Two Tanzanian boys with albinism got new prosthetic limbs after they had their arms cut off.
The killing of albinos is common in Tanzania.
One out every 1,500 Tanzanians is an albino. Despite the high rate, albinos are not seen as ideal human beings.
Superstitious beliefs have led to the killing of albinos in the Great Lakes region in Tanzania.
They think that persons with albinism are not human,” Vicky Ntetema told “Nightline” on ABC. “If there's any disaster, there is drought, there are floods, hurricanes … they are blamed for that.”

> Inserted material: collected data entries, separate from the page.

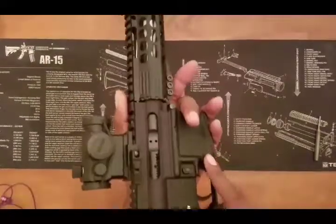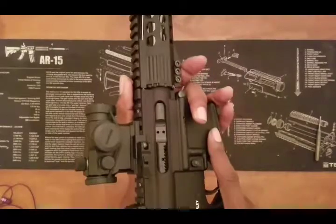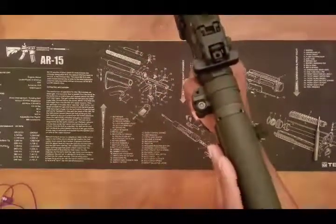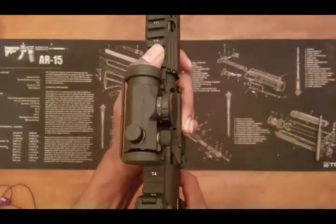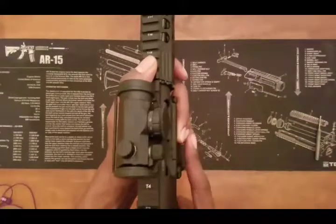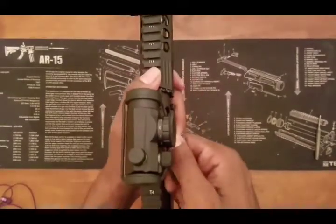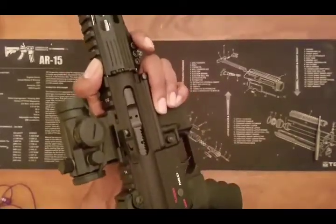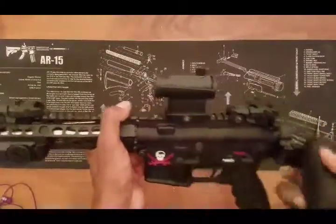People say, well, without the brass deflector, your brass might fly out and hit somebody. Well, my face is going to be on this side of the weapon and the brass is going to be flying out that side. If you're on this side of me and you're getting hit in the face with brass, chances are you either need to duck or get up and shoot at the objective with me. Period. Got no time for laziness.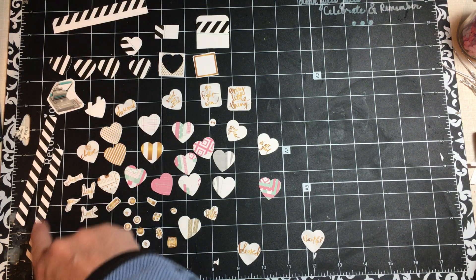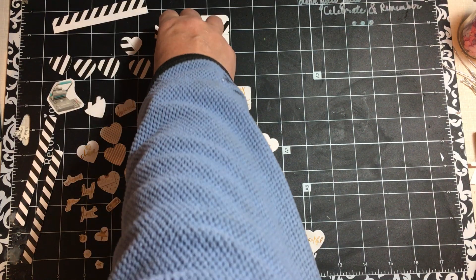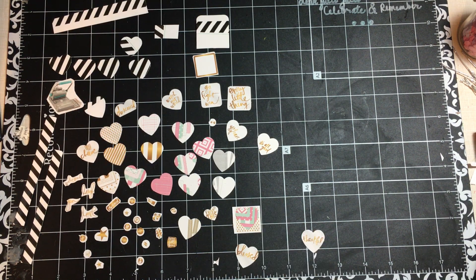I cut out a couple of these strips, some of the hearts, there's the cinch. I did cut this out because I thought it would kind of be fun to be a puzzle piece maybe.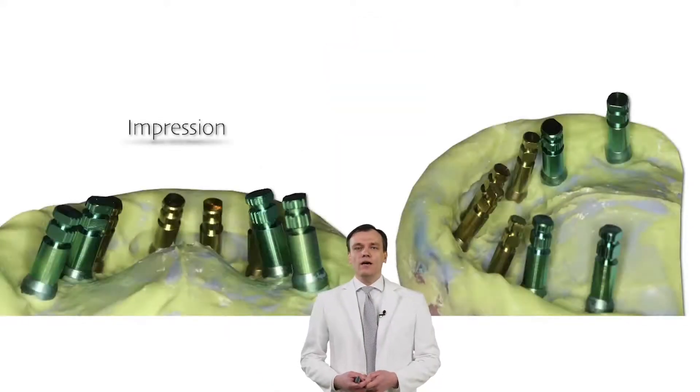Hello and welcome to this prosthetic hands-on session, during which I'm going to show you my developed method of impression taking.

Ntetema is the executive director of Under the Same Sun, an NGO based in Canada dedicated to the plight of dedicated albinos.
“The witch doctors are like gods,” Ntetema said. “They tell their clients that bones and other organs of persons with albinism if mixed with a magic potion … will make them successful, will make them win elections, will make their businesses boom, will help even in their love affairs.”
The Story of Baraka and Mwigulu
Two Tanzanian children, with albinism Baraka, 7, and Mwigulu, 14 are victims of this backward way of thinking.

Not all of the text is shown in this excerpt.